Using the entries below, output each line exactly from the first through the one that contains "PSD gratuito modello di poster di tatuatore".

:: Saved entries ::

________________

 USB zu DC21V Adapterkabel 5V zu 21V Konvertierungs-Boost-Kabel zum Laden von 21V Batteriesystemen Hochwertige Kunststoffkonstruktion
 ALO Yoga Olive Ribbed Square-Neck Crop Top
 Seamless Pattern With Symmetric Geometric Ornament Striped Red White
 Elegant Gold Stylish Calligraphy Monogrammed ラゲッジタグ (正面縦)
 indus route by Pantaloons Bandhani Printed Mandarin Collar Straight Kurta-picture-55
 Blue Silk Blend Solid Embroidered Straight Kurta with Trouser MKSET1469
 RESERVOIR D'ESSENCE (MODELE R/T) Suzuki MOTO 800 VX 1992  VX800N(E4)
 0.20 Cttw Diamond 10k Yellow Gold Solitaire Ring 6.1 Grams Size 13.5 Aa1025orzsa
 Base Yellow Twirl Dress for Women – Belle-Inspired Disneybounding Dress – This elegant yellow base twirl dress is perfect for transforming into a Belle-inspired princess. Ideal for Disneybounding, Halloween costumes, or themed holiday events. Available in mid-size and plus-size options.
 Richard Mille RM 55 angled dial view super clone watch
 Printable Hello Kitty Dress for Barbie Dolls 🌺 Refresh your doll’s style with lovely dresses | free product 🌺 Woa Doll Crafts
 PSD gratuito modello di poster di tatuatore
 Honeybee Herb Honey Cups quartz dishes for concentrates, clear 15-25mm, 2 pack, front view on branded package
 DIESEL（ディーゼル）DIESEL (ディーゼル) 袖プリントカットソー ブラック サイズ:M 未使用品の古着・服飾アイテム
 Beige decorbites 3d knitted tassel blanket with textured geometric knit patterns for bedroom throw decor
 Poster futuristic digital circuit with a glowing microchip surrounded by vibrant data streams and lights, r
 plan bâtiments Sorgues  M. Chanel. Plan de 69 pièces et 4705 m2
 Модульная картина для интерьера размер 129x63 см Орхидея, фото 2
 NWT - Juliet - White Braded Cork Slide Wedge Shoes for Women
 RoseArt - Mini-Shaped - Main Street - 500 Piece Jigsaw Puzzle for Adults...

________________

:: TASK RESPONSE ::
 USB zu DC21V Adapterkabel 5V zu 21V Konvertierungs-Boost-Kabel zum Laden von 21V Batteriesystemen Hochwertige Kunststoffkonstruktion
 ALO Yoga Olive Ribbed Square-Neck Crop Top
 Seamless Pattern With Symmetric Geometric Ornament Striped Red White
 Elegant Gold Stylish Calligraphy Monogrammed ラゲッジタグ (正面縦)
 indus route by Pantaloons Bandhani Printed Mandarin Collar Straight Kurta-picture-55
 Blue Silk Blend Solid Embroidered Straight Kurta with Trouser MKSET1469
 RESERVOIR D'ESSENCE (MODELE R/T) Suzuki MOTO 800 VX 1992  VX800N(E4)
 0.20 Cttw Diamond 10k Yellow Gold Solitaire Ring 6.1 Grams Size 13.5 Aa1025orzsa
 Base Yellow Twirl Dress for Women – Belle-Inspired Disneybounding Dress – This elegant yellow base twirl dress is perfect for transforming into a Belle-inspired princess. Ideal for Disneybounding, Halloween costumes, or themed holiday events. Available in mid-size and plus-size options.
 Richard Mille RM 55 angled dial view super clone watch
 Printable Hello Kitty Dress for Barbie Dolls 🌺 Refresh your doll’s style with lovely dresses | free product 🌺 Woa Doll Crafts
 PSD gratuito modello di poster di tatuatore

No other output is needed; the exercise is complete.